_WORK TASK_: When you copy the data, keep every line exactly as written and skip the pictures.

#### DATA EXCERPT

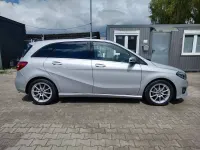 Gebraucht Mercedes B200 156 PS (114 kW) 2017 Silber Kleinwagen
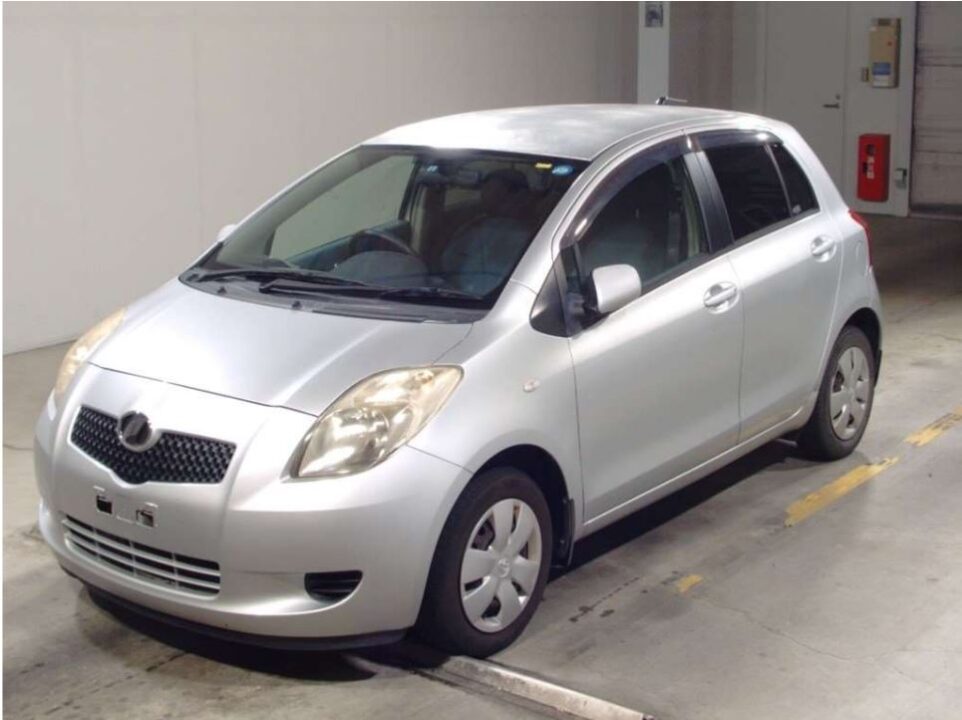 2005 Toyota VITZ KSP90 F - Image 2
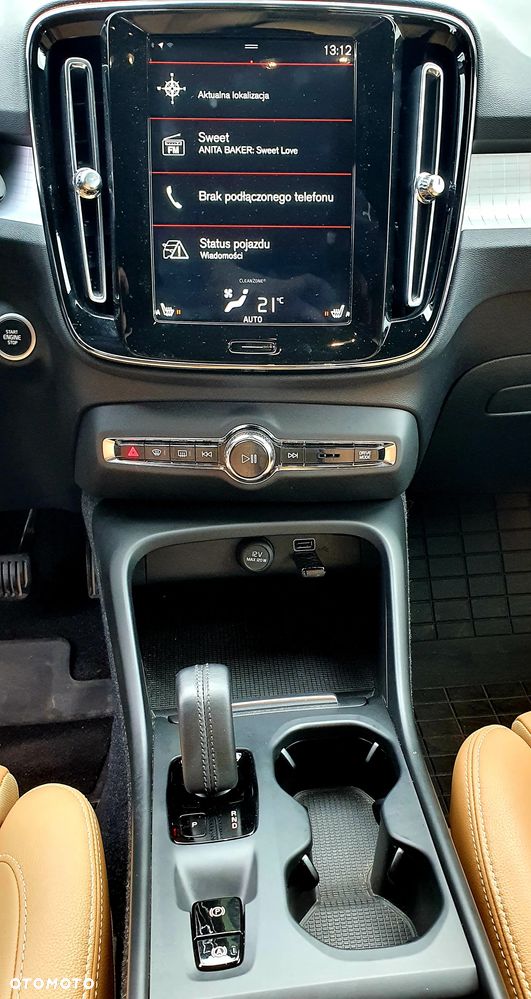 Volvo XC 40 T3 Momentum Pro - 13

########

_TASK SOLUTION_:
 Gebraucht Mercedes B200 156 PS (114 kW) 2017 Silber Kleinwagen
 2005 Toyota VITZ KSP90 F - Image 2
 Volvo XC 40 T3 Momentum Pro - 13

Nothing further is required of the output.